The West and New Capitalist Motherlands ―― Russia and China

While American conservatives worry about President-Elect Barack Obama’s new socialist motherland America, new capitalist motherlands of Russia and China pose far more critical challenges to global security. The clash between our liberal capitalism and their illiberal capitalism will be no less important than threats of Islamic radicals. President Bush has made substantial efforts to tackle dangers posed by Muslim terrorists, but it seems that the Russo-Chinese challenge has been left unconstrained. It is becoming increasingly important to understand the nature of their defiance to our liberal world order.

Bobo Lo, Director of Russia and China Programme at the Centre for European Reform in London, examines foreign policy of Russia and China in “Ten things everyone should know about the Sino-Russian relationship” (Policy Brief; Centre for European Reform; December 2008). He was the Deputy Head of the Mission at the Australian Embassy in Moscow. Lo articulates that Russia and China have contrasting national interests and values. Also, he insists that the Russo-Chinese partnership will not harm Western interests, because both nations are more interested in engaging with the West than with each other.

Lo criticizes neoconservative agenda that Western liberal democracies unite against the rise of Russo-Chinese authoritarianism. He even makes an analogy between this agenda and Marxist slogan of united international proletariats. To the contrary, Lo says that Russia and China do not share common interests in authoritarian alliance.

Let me review 10 points mentioned by Bobo Lo. He admits that bilateral economic relations are expanding, and security cooperation is developing rapidly. However, Lo points out that Russia is just one of the markets and natural resource suppliers for China. For Russia, China accounts for a tiny portion of its total amount of trade. Also, in security, the Shanghai Cooperation Organization is not enthusiastically endorsed by the government of both countries.

Rather, Lo argues that both Russia and China are keenly interested in developing relations with the West, despite bitter rhetoric against American hegemony. Both Russia and China trade more with the West than each other. In addition, both Russia and China see the West as a model for their economic development despite recent financial crisis.

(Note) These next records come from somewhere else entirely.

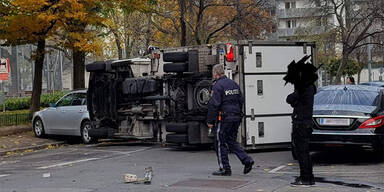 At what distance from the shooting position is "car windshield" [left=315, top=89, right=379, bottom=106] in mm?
12500

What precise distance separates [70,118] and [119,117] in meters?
2.47

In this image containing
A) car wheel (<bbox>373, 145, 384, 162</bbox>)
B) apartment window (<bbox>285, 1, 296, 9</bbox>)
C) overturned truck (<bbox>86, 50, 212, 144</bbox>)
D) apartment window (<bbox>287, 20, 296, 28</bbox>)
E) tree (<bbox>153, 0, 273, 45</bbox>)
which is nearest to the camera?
car wheel (<bbox>373, 145, 384, 162</bbox>)

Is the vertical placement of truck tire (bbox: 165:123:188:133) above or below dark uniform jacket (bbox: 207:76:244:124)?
below

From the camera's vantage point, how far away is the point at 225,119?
422 inches

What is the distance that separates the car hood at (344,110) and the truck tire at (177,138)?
394 cm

As the Chinese economy has been growing rapidly since late 1980s, the relation with Russia is becoming increasingly unequal. Though Russia has recovered from disruptive economy during the Yeltsin era, its economy is dependent on natural resources, and technological lag lowers its global competitiveness.

Lo also points out that Russia and China are competitors as well as partners in Central Asia. Sometimes, they unite against the West, while they confront each other in some cases.

The most importantly, Bobo Lo argues that Russia and China have different visions of the world. While Russia envisions its unique role to bridge the East (China) and the West (the United States), China regards Russia as a secondary great power along with Japan, India, and the EU in a world of rivalry against the United States. While Russian nationalism is confrontational to the West, China emphasizes “peaceful rise” or “harmonious world”. China is so cautious that it does not pursue a multilateral order so as not to provoke its indispensable partner, the United States.

A former Australian diplomat in Moscow, Bobo Lo presents invaluable insights on the nature of the Russo-Chinese challenge. Particularly, different visions of the world between Russia and China are important. However, his viewpoints seem to be quite liberal. Whatever their intentions are, both nations develop critical arsenals to defy American or Western supremacy. Russia has deployed Bulava SLBM while the United States has stopped producing new nuclear weapons. China succeeded in anti-satellite missile test.

Remember! Germany under Otto von Bismarck kept friendly relationship of common German blood with Britain under the Saxe-Coburg-Gotha dynasty. However, Kaiser fought against Britain, with forces built up by Bismarck. We have to be careful to the Russo- Chinese challenge.